INPUT RECORDS:
▼

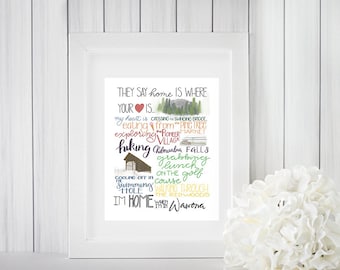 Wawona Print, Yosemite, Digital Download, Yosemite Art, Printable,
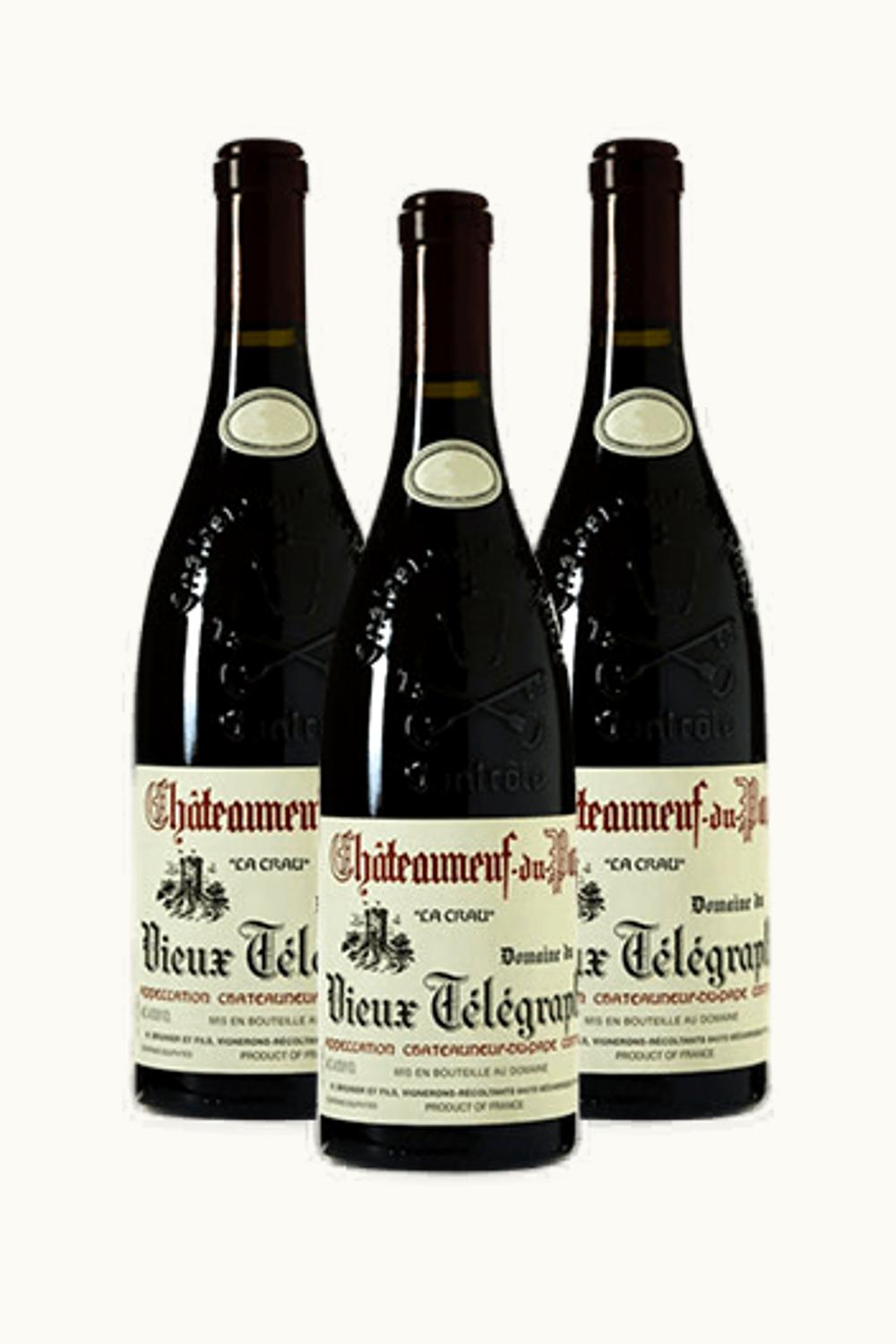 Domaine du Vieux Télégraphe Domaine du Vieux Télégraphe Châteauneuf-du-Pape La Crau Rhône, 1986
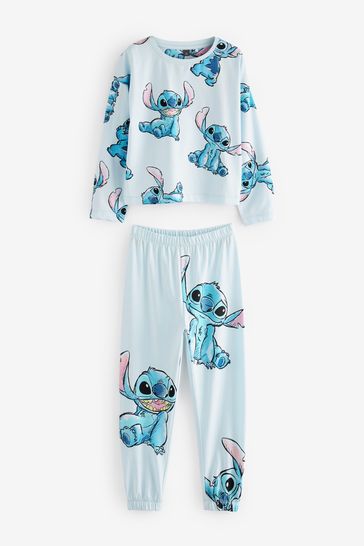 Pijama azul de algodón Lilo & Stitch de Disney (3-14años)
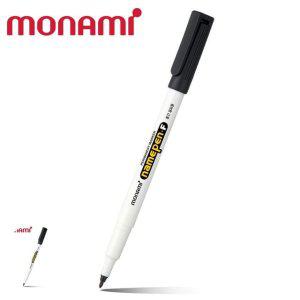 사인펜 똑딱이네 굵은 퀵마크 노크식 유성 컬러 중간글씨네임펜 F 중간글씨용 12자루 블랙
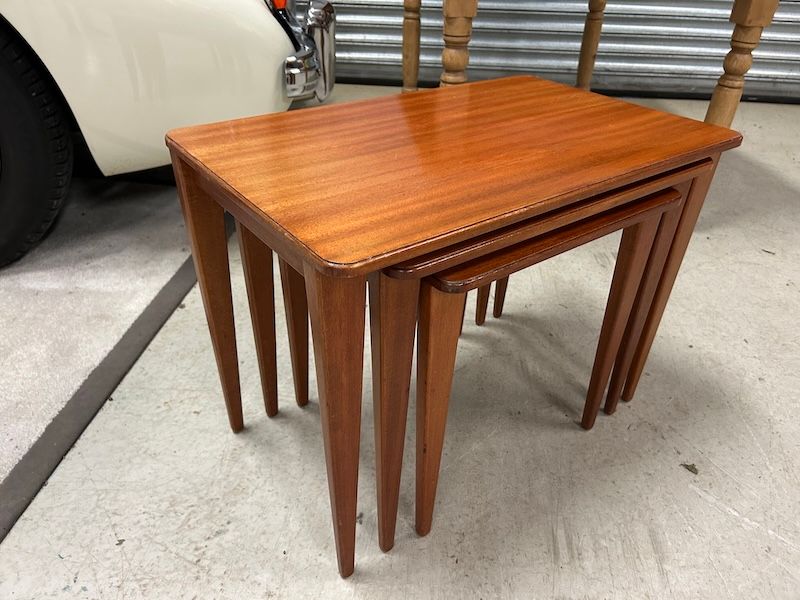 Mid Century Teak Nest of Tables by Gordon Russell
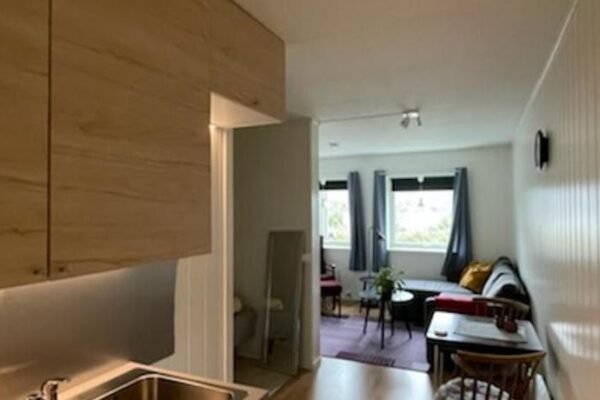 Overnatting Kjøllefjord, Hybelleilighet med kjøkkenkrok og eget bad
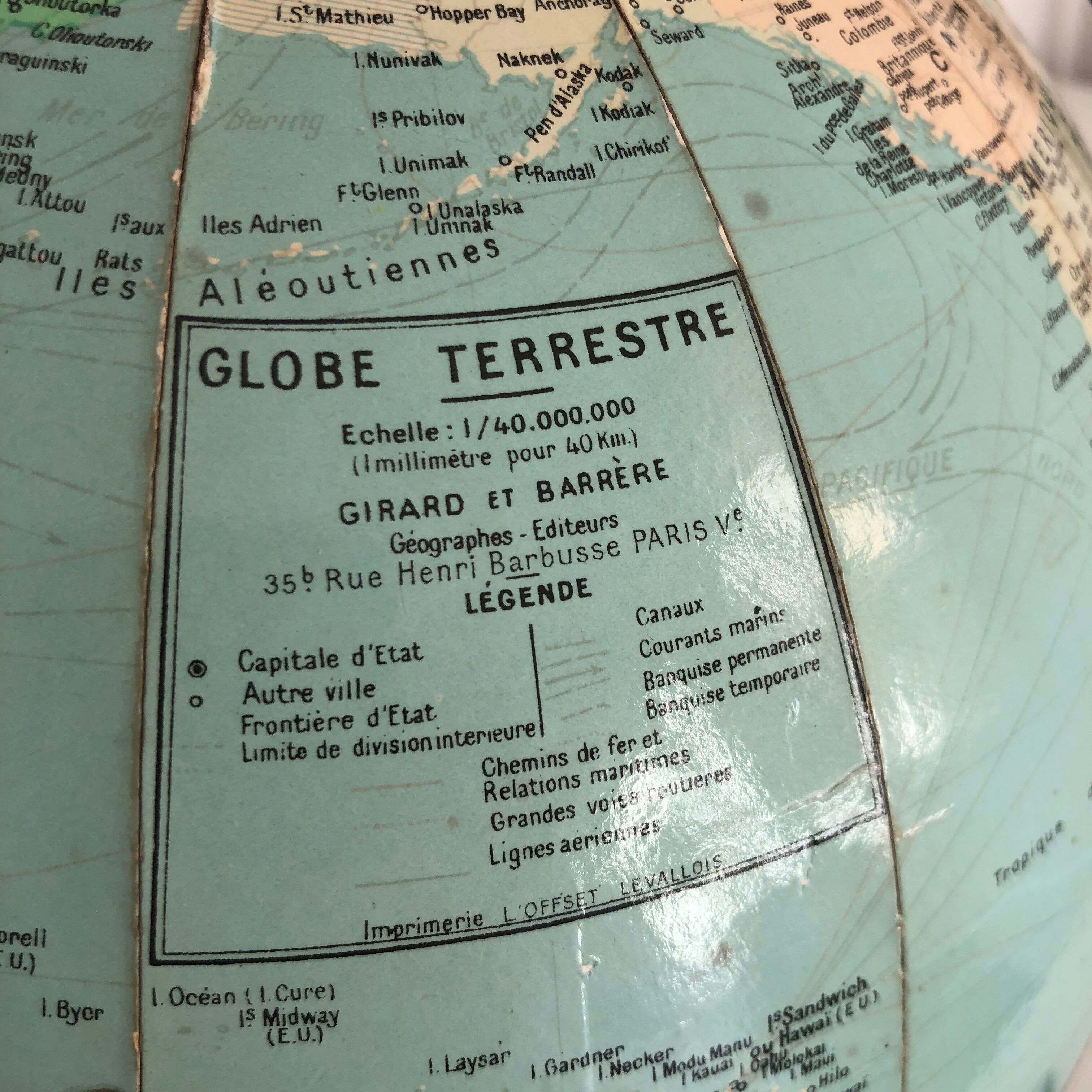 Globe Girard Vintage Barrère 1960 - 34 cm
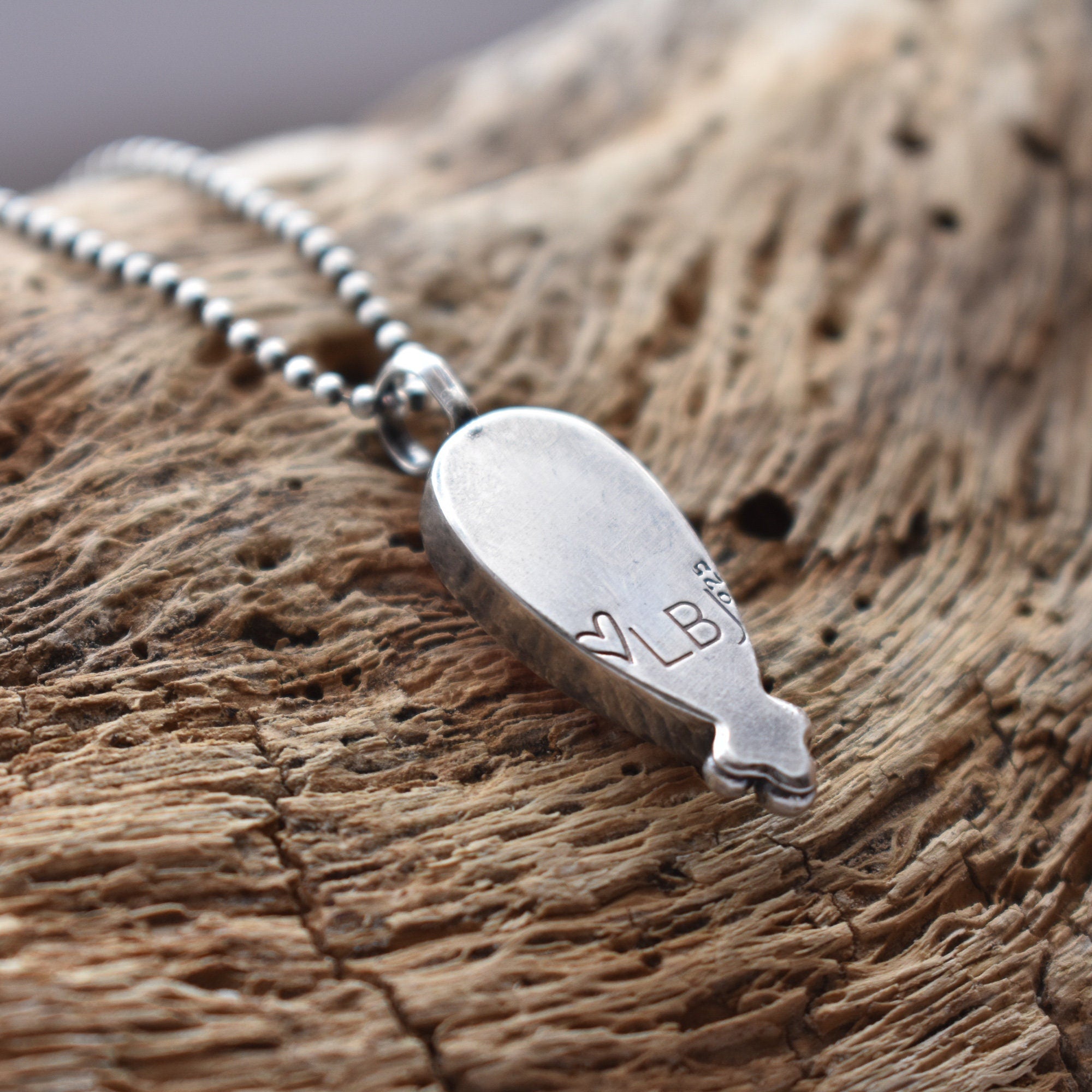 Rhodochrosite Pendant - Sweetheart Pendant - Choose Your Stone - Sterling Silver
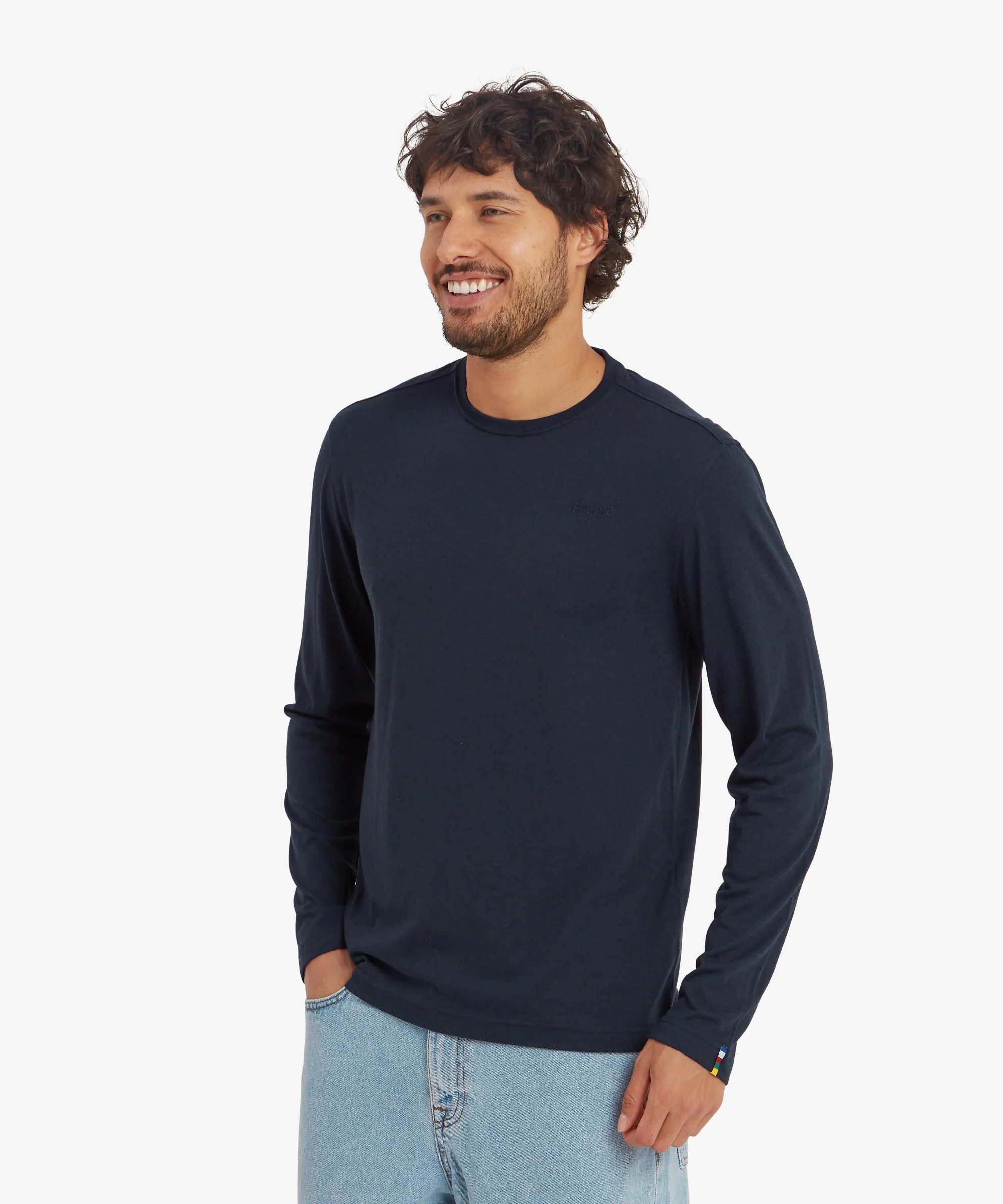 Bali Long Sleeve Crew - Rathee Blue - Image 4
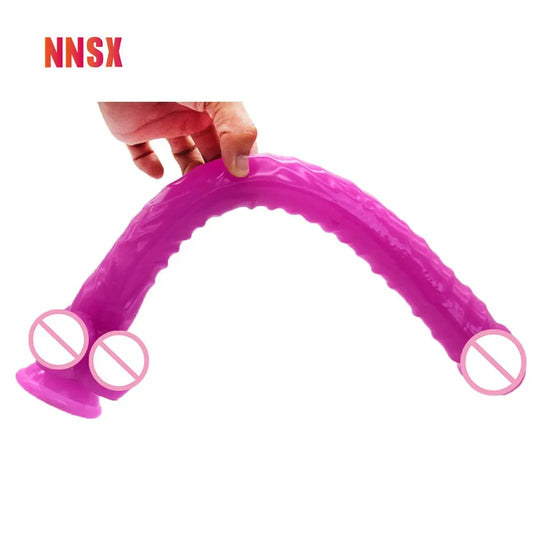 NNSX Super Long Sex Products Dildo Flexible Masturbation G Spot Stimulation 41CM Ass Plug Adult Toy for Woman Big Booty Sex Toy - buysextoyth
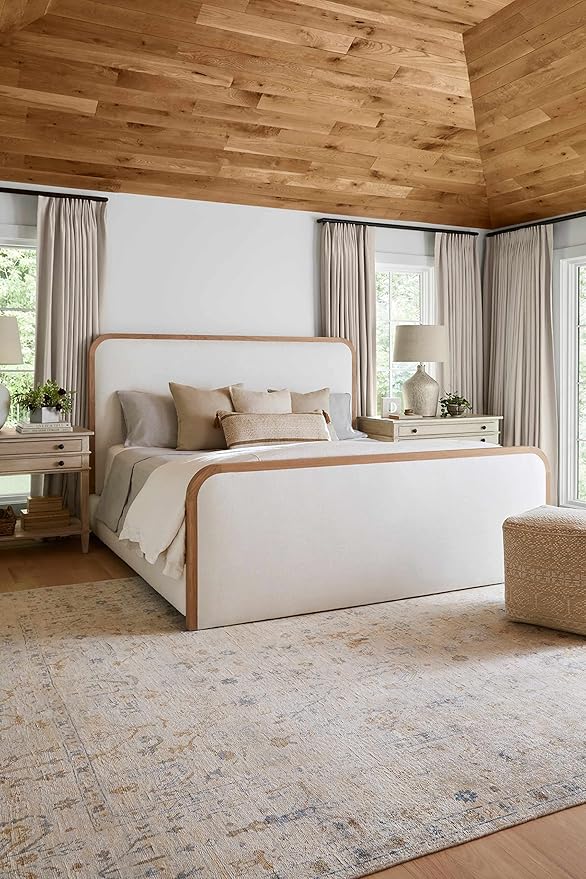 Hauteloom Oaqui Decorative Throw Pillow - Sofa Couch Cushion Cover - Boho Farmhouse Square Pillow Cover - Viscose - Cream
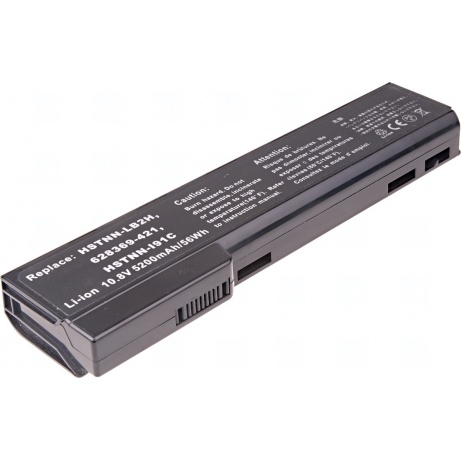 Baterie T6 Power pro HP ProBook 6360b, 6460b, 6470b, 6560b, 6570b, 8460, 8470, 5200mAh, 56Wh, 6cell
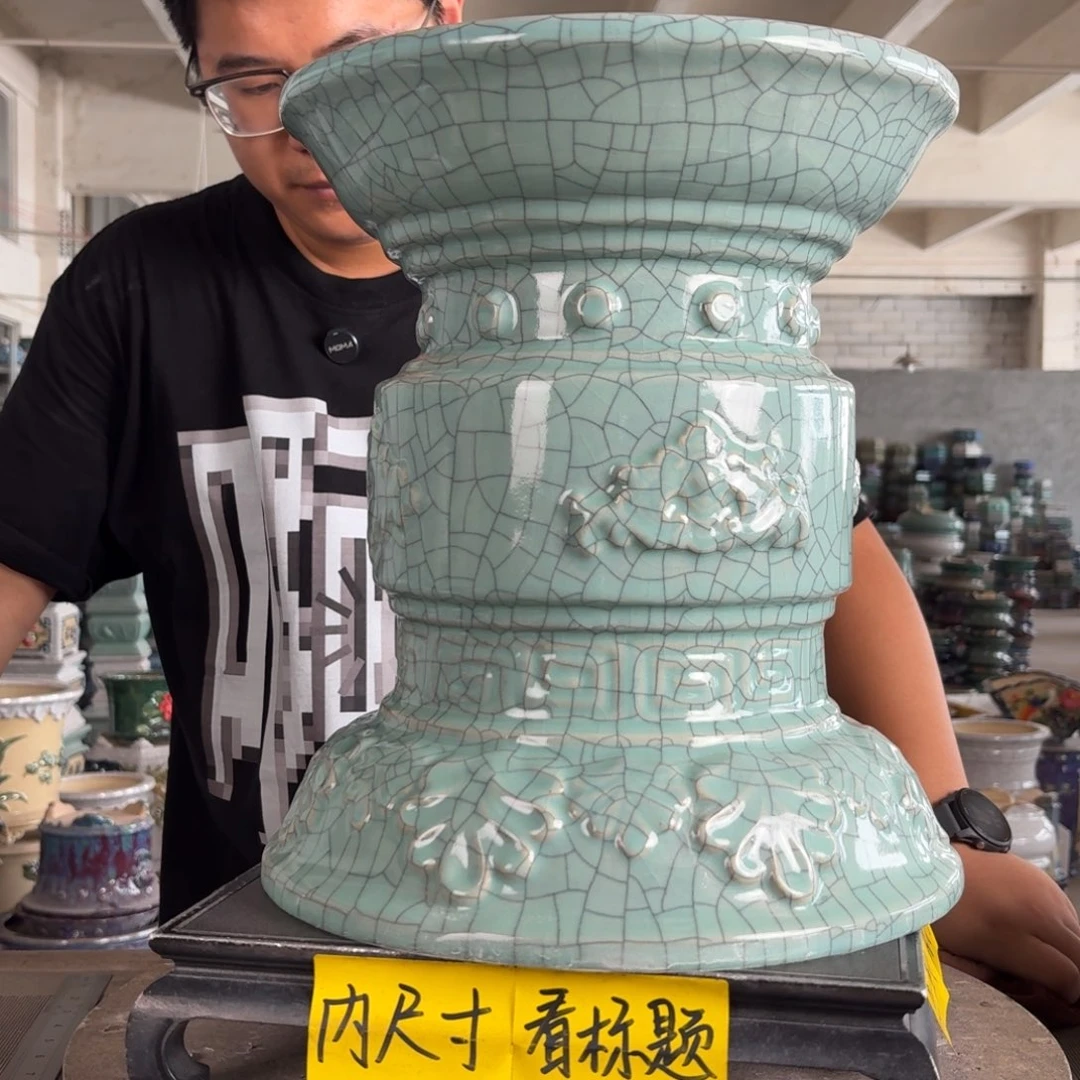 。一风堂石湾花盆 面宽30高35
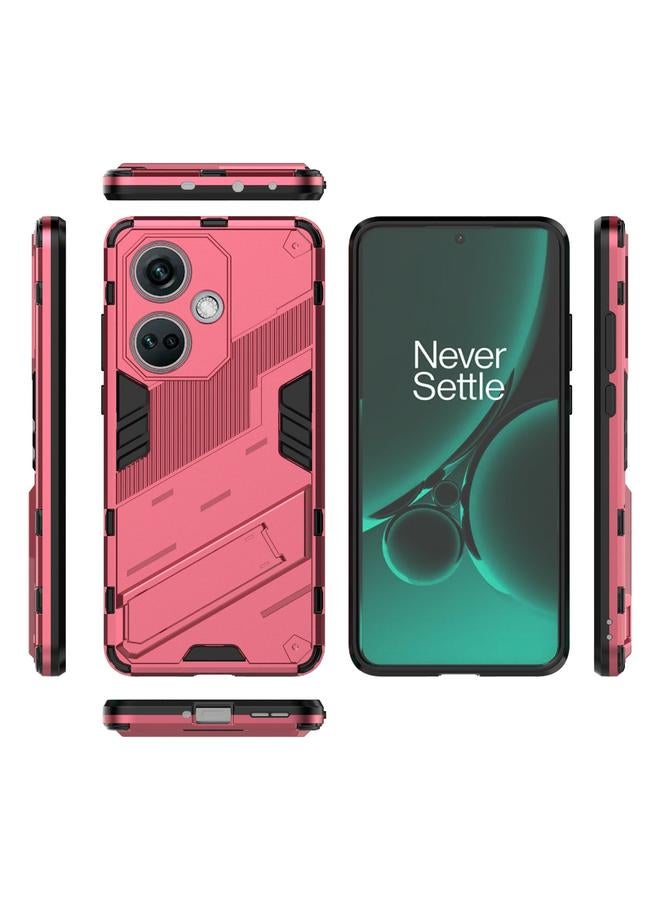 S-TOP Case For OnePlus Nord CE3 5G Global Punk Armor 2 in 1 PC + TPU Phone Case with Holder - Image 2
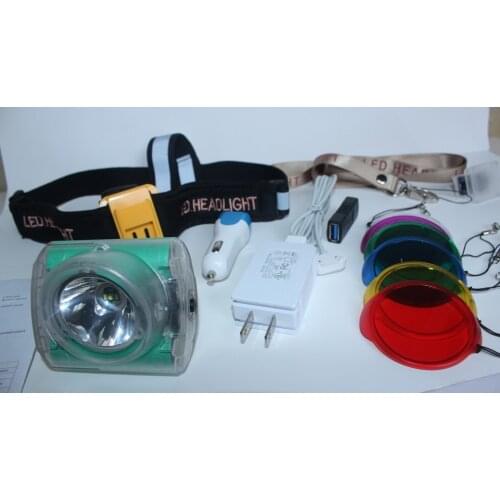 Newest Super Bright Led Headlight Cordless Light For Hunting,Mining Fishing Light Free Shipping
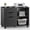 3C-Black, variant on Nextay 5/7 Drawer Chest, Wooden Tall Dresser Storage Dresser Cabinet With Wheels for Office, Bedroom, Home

▲

WHAT IS BEING ASKED:
Only an exact copy is needed: the lines from the opening of the listing through the line with "Overnatting Kjøllefjord, Hybelleilighet", both included, minus the pictures.

RESPONSE AREA:
 Wawona Print, Yosemite, Digital Download, Yosemite Art, Printable,
 Domaine du Vieux Télégraphe Domaine du Vieux Télégraphe Châteauneuf-du-Pape La Crau Rhône, 1986
 Pijama azul de algodón Lilo & Stitch de Disney (3-14años)
 사인펜 똑딱이네 굵은 퀵마크 노크식 유성 컬러 중간글씨네임펜 F 중간글씨용 12자루 블랙
 Mid Century Teak Nest of Tables by Gordon Russell
 Overnatting Kjøllefjord, Hybelleilighet med kjøkkenkrok og eget bad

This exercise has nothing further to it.